- **What the task asks**: The listing is to be returned word for word, without its images.
----- Collected data -----
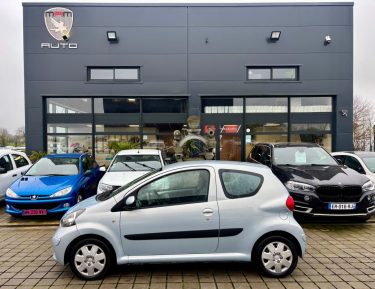 TOYOTA AYGO 1.0i VVT-I 68 ch 3 PORTES 2006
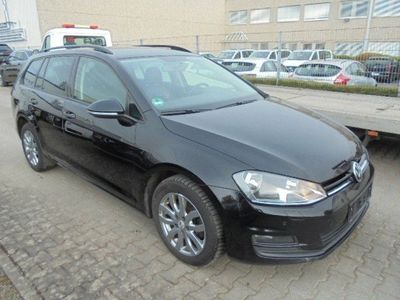 gebraucht VW Golf VII Variant Comfortline BMT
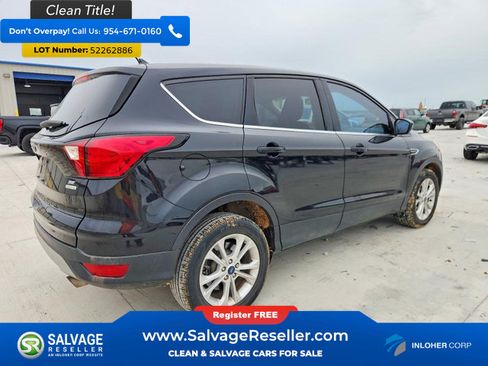Used 2019 Ford Escape SE FWD image 4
-----
- **Your solution**:
 TOYOTA AYGO 1.0i VVT-I 68 ch 3 PORTES 2006
 gebraucht VW Golf VII Variant Comfortline BMT
Used 2019 Ford Escape SE FWD image 4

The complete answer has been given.